W ubiegłym roku Chicago odnotowało wzrost liczby nieletnich, w wieku 17 lat i młodszych, aresztowanych za popełnienie mordestwa pierwszego stopnia. Niektórzy są zbyt młodzi, by móc legalnie prowadzić, ale najwyraźniej wystarczająco dorośli, by pociągnąć za spust.
Policyjne dane wskazują na łącznie 36 nieletnich aresztowanych w zeszłym roku za zabójstwa, co stanowi 35% wzrost w stosunku do 2019, kiedy postawiono 27 takich zarzutów.
Jednym z najmłodszych sprawców aresztowanych w zeszłym roku, jest 15-latek - jeden z oskarżonych o śmiertelne postrzelenie emerytowanego strażaka przed sklepem na południowo-zachodniej stronie miasta.
Również w grudniu ubiegłego roku 27-letni Cameron Ruddder został zastrzelony na imprezie domowej, która odbywała się w pobliżu 53rd Street i Prairie Avenue. Policja powiedziała jego matce, że za spust pociągnął prawdopodobnie 14-latek.
„Moje pierwsze pytanie, to dlaczego 14-latek ma potrzebę noszenia przy sobie broni?” – pytała Consuella Rudder.
W tej sprawie nie wniesiono jeszcze zarzutów, ale jeśli podejrzenia policji się potwierdzą, będzie to kolejny przykład coraz większej roli, jaką nieletni odgrywają w brutalnych zbrodniach popełnianych w całym mieście.

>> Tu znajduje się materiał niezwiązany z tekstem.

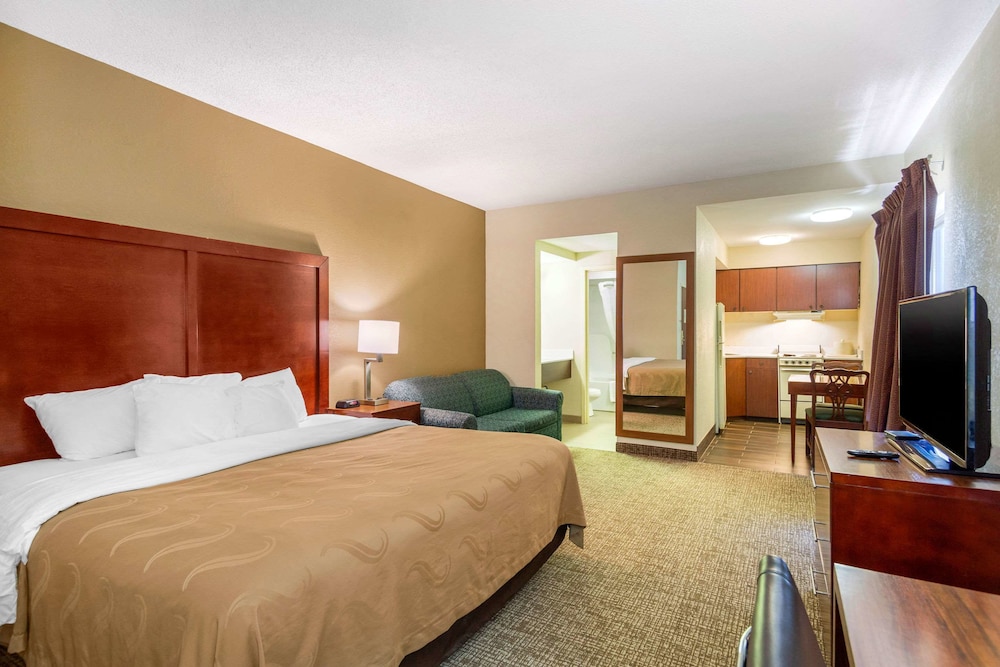 Efficiency Non-Smoking King Suite-King Size Bed photo 1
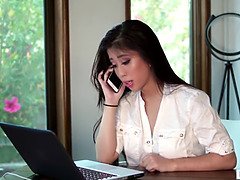 Gros seins, Brunette brune, Femme couguar, Lesbienne, Léchez, Mère que j'aimerais baiser, Chatte, Belle mère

Policja uważa, że jest wiele przyczyn takiego wzrostu, wiele związanych z pandemią, jak choćby zamykanie szkół. Zauważają jednak również, iż dzięki zmianom w prawie stanowym, nieletnim grożą teraz znacznie lżejsze kary za popełnione przestępstwa, takie jak np. uprowadzenie samochodu, ponieważ istnieją ograniczenia w kierowaniu ich do sądów dla dorosłych.
Elizabeth Clarke, prezes Juvenile Justive Initiative, stanowej koalicji grup adwokackich, działającą na rzecz zapewnienia sprawiedliwości dzieciom i młodym dorosłym w Illinois, twierdzi, iż surowsze kary i więzienie nie zawsze są najlepszymi środkami odstraszającymi. Uważa, że bardziej proaktywne podejście okazuje się bardziej skuteczne.